After locating the line with "italy-dolomites-alta-via-montain-lake" below, output it and each following line exactly, stopping after the line with "Vater und Sohn". No pictures.

# INPUT FOR THIS TASK:
□ □ □ □

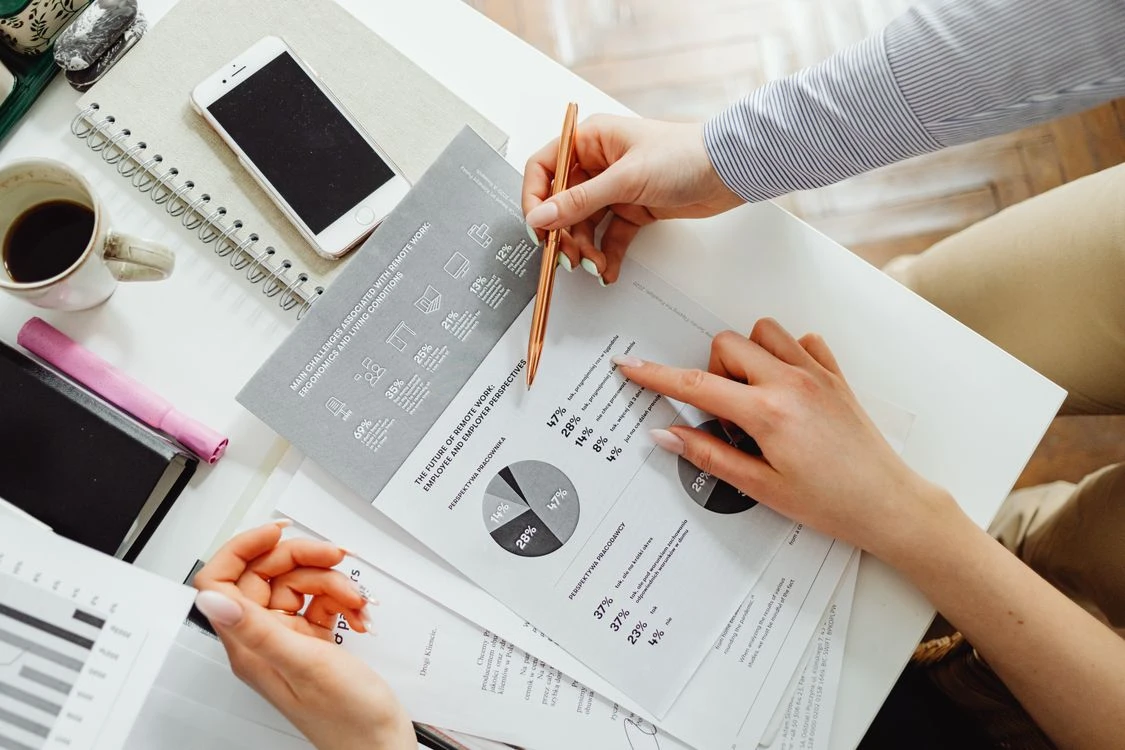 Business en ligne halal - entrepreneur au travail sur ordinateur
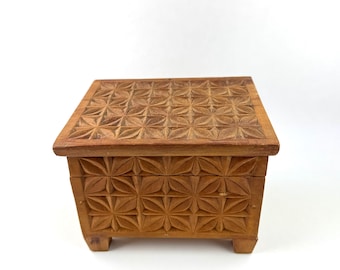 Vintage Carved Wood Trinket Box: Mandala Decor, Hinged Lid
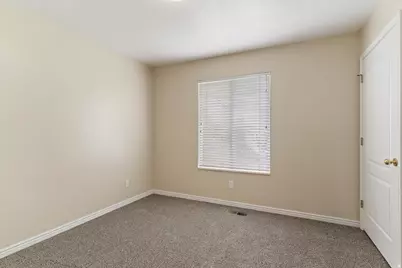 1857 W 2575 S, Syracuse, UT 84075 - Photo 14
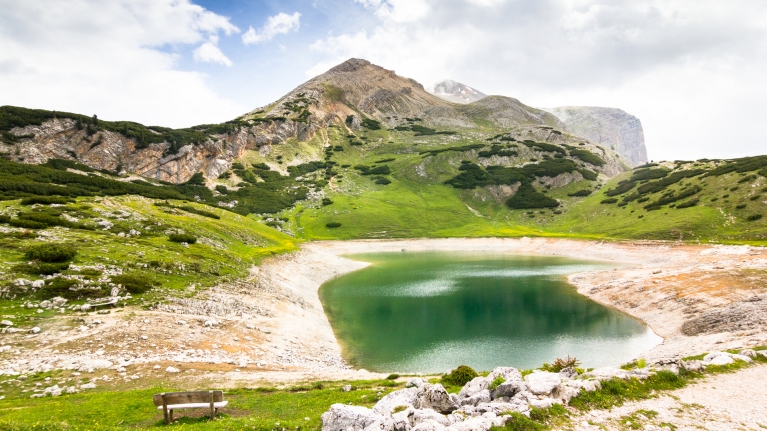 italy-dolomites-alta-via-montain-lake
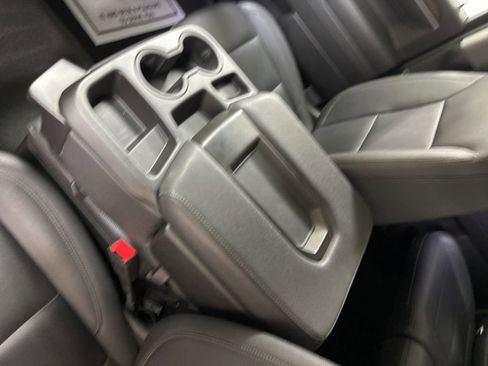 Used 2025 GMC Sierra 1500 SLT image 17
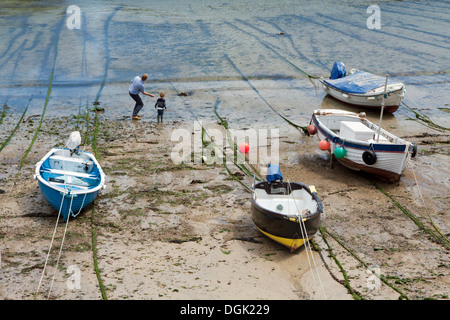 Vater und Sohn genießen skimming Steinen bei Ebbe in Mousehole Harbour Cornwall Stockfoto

□ □ □ □

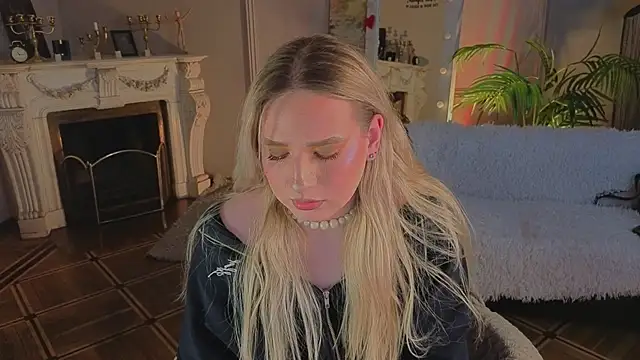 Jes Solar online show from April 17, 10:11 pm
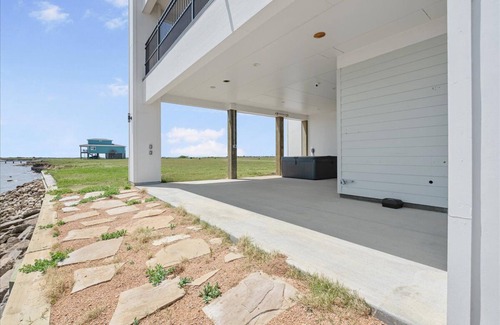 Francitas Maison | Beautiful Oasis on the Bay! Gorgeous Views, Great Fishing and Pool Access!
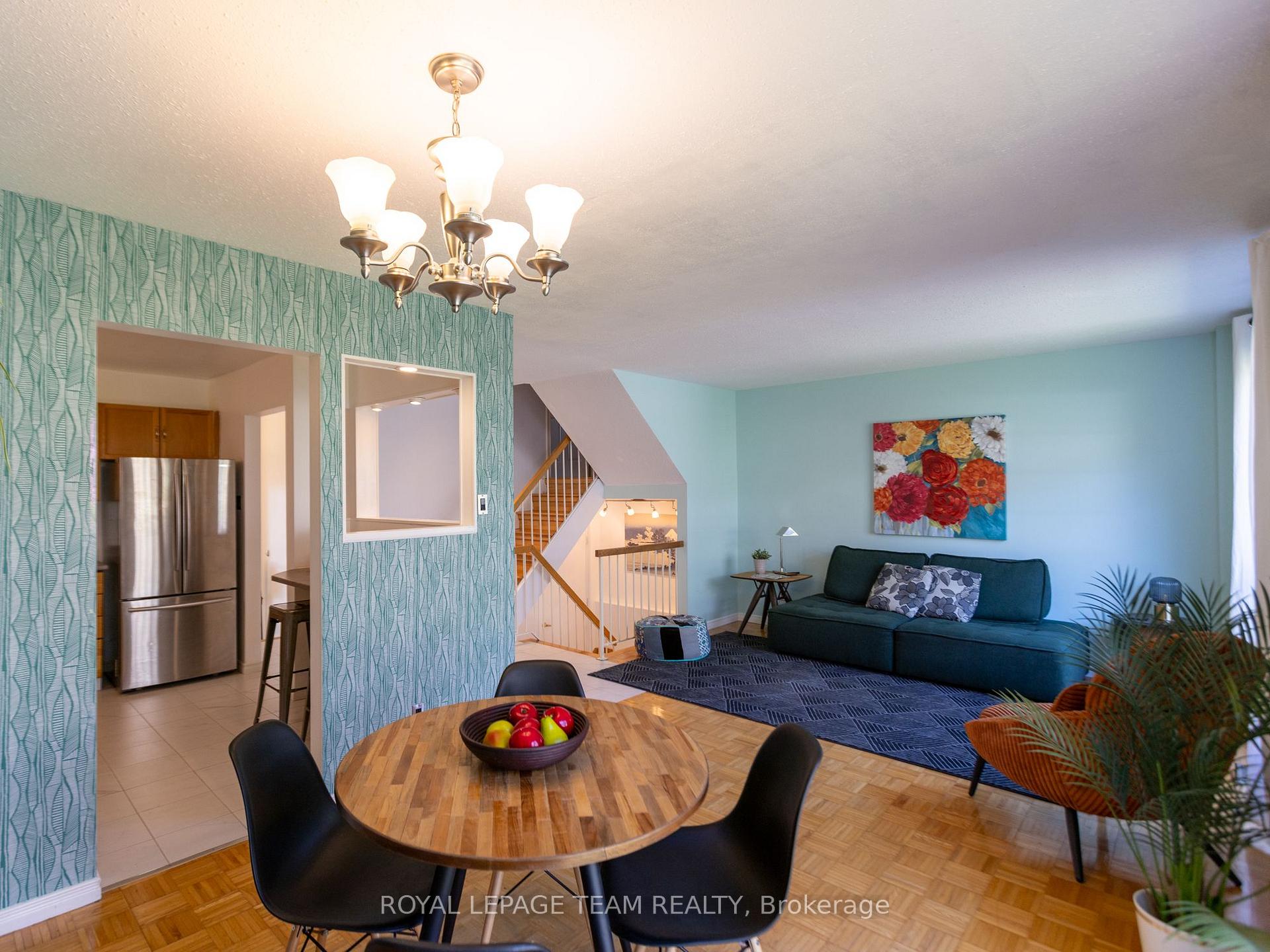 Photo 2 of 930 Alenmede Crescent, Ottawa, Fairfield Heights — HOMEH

□ □ □ □

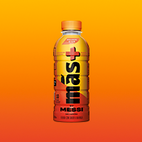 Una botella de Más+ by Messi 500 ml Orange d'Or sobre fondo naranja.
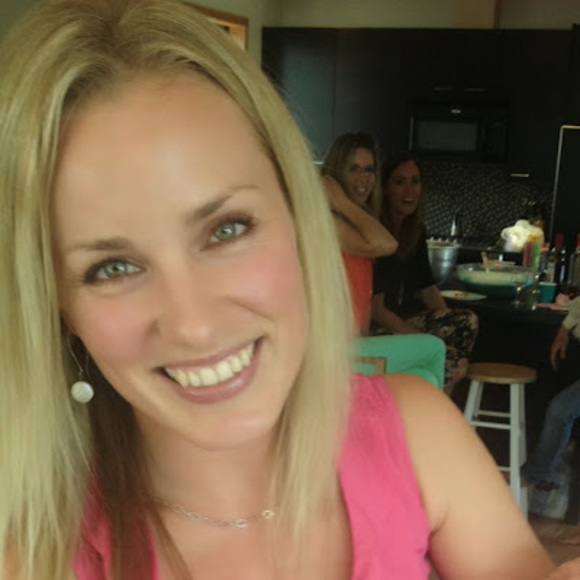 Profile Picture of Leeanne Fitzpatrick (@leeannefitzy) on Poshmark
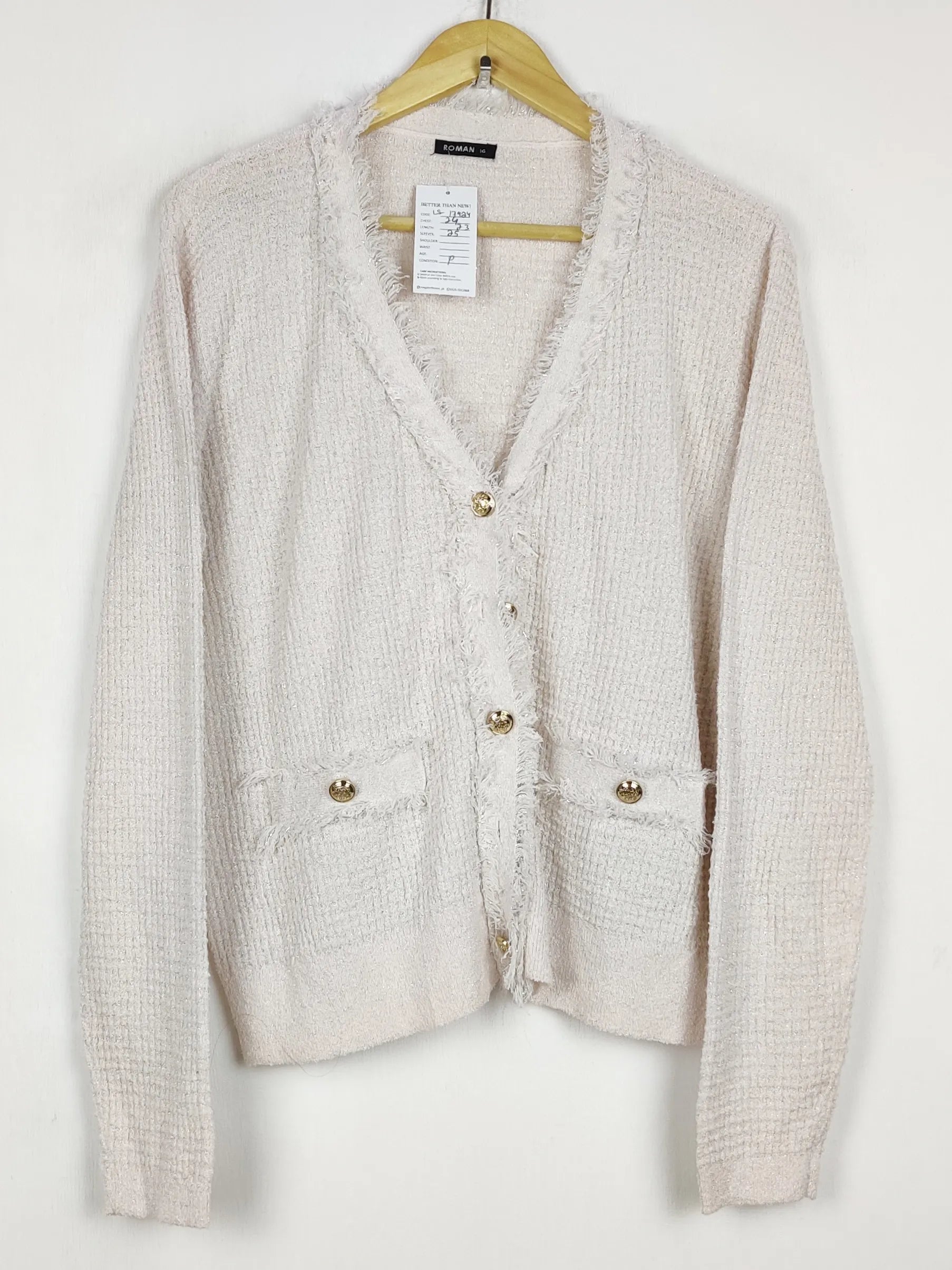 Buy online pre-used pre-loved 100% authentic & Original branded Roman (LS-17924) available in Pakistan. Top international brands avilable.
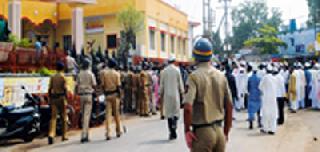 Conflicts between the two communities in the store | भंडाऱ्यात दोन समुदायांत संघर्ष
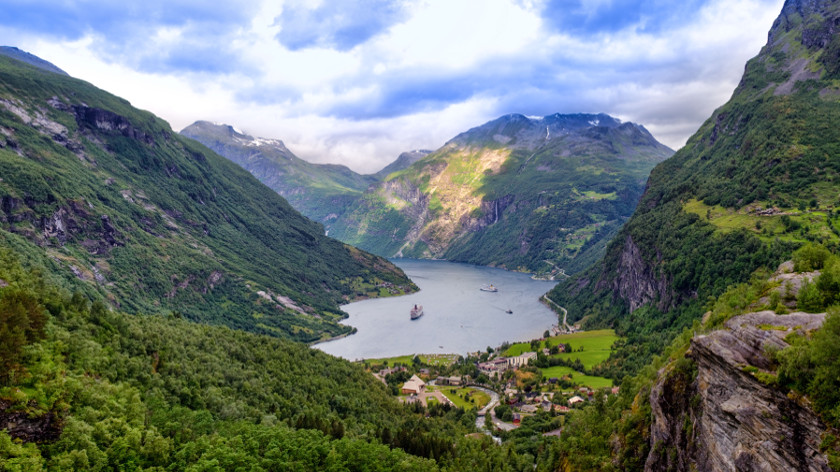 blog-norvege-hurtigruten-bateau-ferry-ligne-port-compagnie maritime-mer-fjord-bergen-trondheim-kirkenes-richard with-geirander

□ □ □ □

# ANSWER SPACE:
 italy-dolomites-alta-via-montain-lake
 Used 2025 GMC Sierra 1500 SLT image 17
 Vater und Sohn genießen skimming Steinen bei Ebbe in Mousehole Harbour Cornwall Stockfoto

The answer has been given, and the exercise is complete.